Are women more prone to depression?

It is generally held that depression is twice as common in women as in men. Statistics show that women are twice as likely as men to suffer from every kind of depression, except manic depression. Men are more likely to experience other mental disorders such as alcoholism, drug abuse, and behavioural problems in childhood and adolescence. The greater number of women sufferers is probably a reflection of the hormonal changes which they experience. The menstrual cycle is associated with variations in mood, and many women suffer ‘premenstrual tension’ . A greater portion of water is retained at this time, and resulting changes in the concentrations of the various minerals in the body may produce subtle alterations in brain function.

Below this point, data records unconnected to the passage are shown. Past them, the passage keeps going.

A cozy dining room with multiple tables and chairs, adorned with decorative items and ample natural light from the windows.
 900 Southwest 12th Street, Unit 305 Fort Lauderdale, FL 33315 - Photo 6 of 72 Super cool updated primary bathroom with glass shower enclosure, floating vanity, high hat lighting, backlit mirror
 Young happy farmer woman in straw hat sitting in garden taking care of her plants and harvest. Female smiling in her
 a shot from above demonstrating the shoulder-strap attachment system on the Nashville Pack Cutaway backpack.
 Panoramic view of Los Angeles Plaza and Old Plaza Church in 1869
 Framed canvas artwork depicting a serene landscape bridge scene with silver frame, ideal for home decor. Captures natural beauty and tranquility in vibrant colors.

But it could also be argued that men actually get depressed as much as women do, but are diagnosed less often. They refuse to seek medical help because they do not want to be seen as weaklings.

Managing depression

Even when depression has a primarily psychological basis, it can be as real a physical condition as diabetes or heart disease, and just as debilitating. If ignored and left untreated, depression can deepen; thoughts of suicide may turn into attempts; or patients might begin to vegetate. And even if one episode subsides without treatment, the condition cannot be counted as cured. At least 50 per cent of the depressed people experience recurrences. Since the problem is serious, could we do something about it before depression strikes? Dr Gupta suggests: "Light exercise, yoga, hobbies, meditation, and a balanced diet could help. Vegetarian diet is considered helpful in avoiding and countering depression. Citrus fruits containing vitamin C and vegetables containing vitamin E are helpful in fighting negative aspects of stress. Caffeine-containing items like coffee, tea, chocolates, and cola drinks increase anxiety levels. Going away to a hill station or a beach does wonders in certain cases."

"When nothing works," the doctor adds, "sleep deprivation could be tried, because it is a standard treatment for depression and is employed when the patient does not respond to drugs or any other treatment. In some cases this has proved to be effective.

There are many other methods to fight depression, but Dr Avasthi cautions:"Let me stress that there can be no clear dichotomy between the mind and the body. Before attempting cure, you must consider three important factors: biological, psychological, and sociological. In this highly competitive age, let’s say, failure to pass an exam or an interview, will have different effect on different people, depending upon their psychological state. Once it has affected a person, and becomes depression, it becomes a biological disturbance. In this case, although the origin was due to sociological factors, the physiology also gets affected. So to treat a person, we have to give the patients drugs, and we will also have to use psychotherapy, and also take care of the social environment. In some cases, the biological inputs may be more important, while in others environmental factors could play a crucial role. The good news is that depression is one of the conditions that can be treated with a very high success rate. Even by just using drugs, about 70 per cent of the cases are cured, but if other methods are used in combination, we can take care of the remaining 30 per cent of the cases too."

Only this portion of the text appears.